In a telephone interview with ProPublica, the woman expressed that she would rather be deported to Mexico than spend another day in the torturous conditions of the ICE detention center. She was terrified of being targeted by the guards for coming forward about the abuse. “It’s going to get worse now,” she said. “I can’t handle it anymore.” Her deportation, however, meant that future investigators would be deprived of a key witness to the guards’ abuse.

In the days following this revelation of sexual abuse in El Paso, two more women who were being held in the facility came forward to say they had been assaulted by guards. One Salvadoran woman who was detained for three months said that guards regularly tried to entice her to, in their words, “fool around” with them by offering clean soap or clean uniforms in exchange. According to her, “most women who are still there are scared of saying anything. You don’t know what [the guards] can do.” Male detainees have been subjected to sexual harassment by their captors as well. One male detainee in El Paso reported that an officer stared at him while making lewd and obscene gestures. After reporting the officer, the man was placed in solitary confinement for attempting to have the guard held accountable.

Across the state of Texas, women have been brutalized, beaten and deported before they were able to testify against their abusers. One such incident occurred at the CoreCivic-run Houston Processing Center in North Houston on June 1, 2018. According to a lawsuit filed in the U.S. Southern District of Texas Court against CoreCivic, one of the country’s largest private prison companies, a woman from Mexico along with two other women, “were removed from the general detainee population and taken to a dark cell in an isolated area of the facility. … Around midnight, three men entered the isolated cell and brutally attacked and sexually assaulted Plaintiff and the two other women. Just hours later, all three women — injured and still shaken from the attack — were placed on a bus and deported to Mexico.”

After arriving in Mexico, the woman who brought forth the lawsuit soon discovered she was pregnant as a result of being raped. Her attorney believes it was no coincidence that the women were made the target of this heinous attack on the eve of their deportation. The fact that they were about to be deported made them particularly vulnerable because legal recourse is more difficult once they are out of the country. 

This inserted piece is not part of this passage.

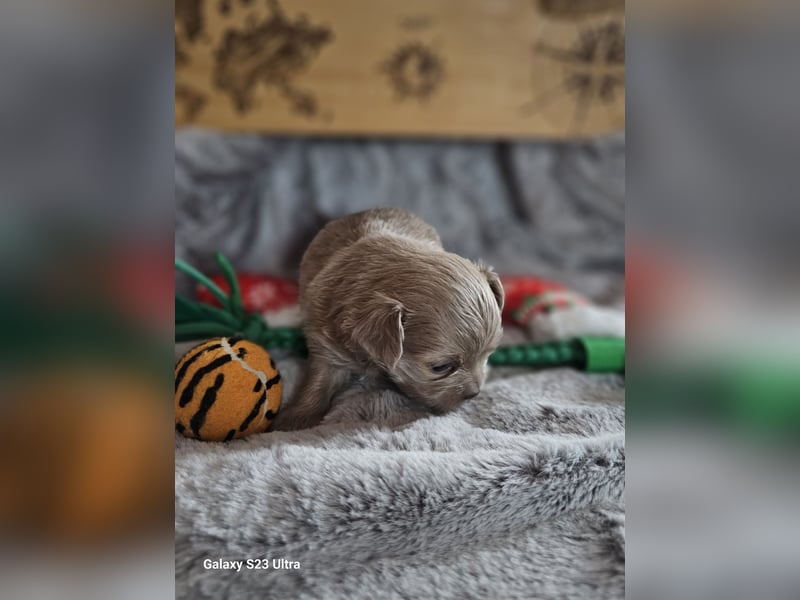Hübscher Chihuahua Rüde in Langhaar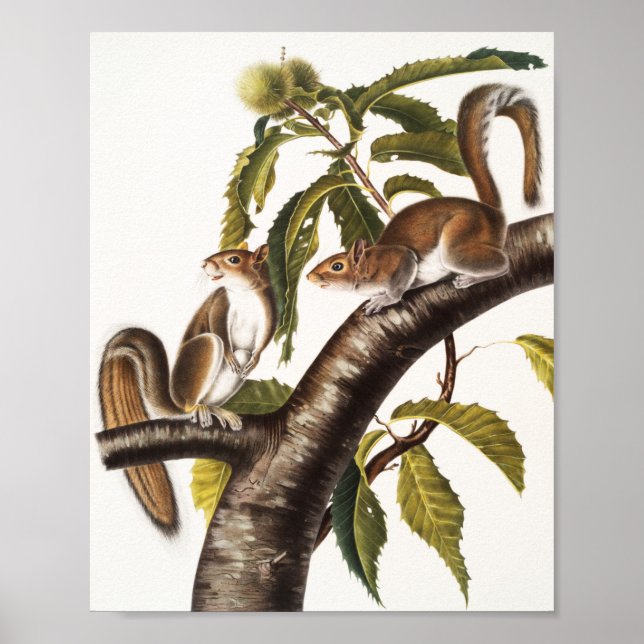 Póster Carolina Gray Squirrel (Sciurus Carolinensis) (Frente)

ICE fails to hold abusers accountable

According to ProPublica, ICE imprisons around 50,000 immigrants each year at a cost of nearly $2.7 billion. While the agency claims to have “zero tolerance for any form of sexual abuse or assault against individuals” and that “appropriate action” is always taken regarding abuse allegations, the facts do not bear this out. In 2018, there were at least 374 sexual assault allegations investigated by ICE, with only 48 of them being “substantiated by the agency” and another 29 left pending as of that year. Between 2010 and 2016, there were 14,700 sexual abuse complaints lodged against the agency. Only a handful were ever investigated by the Office of Inspector General, according to data obtained by Freedom for Immigrants.

U.S. imperialism must be brought to an end

Many of the men, women and children who are being victimized in ICE detention centers across the United States have been forced to flee their home countries due to U.S.-backed coups, sanctions or interventions, which have ravaged their places of birth. They’ve had to flee U.S.-backed violence in countries like Honduras, El Salvador and Guatemala only to be met with violent imprisonment and sexual assault by ICE agents upon reaching the United States. Ending U.S. imperialism and exploitation on behalf of corporate interests is vital to ending the abuses of ICE and the criminalization of immigration. The U.S. military and corporations freely cross borders to maximize profits and exploit the world’s resources on behalf of empire. Fleeing U.S.-initiated violence is not a crime. The time to abolish ICE and grant full amnesty to all immigrants and asylum seekers is now.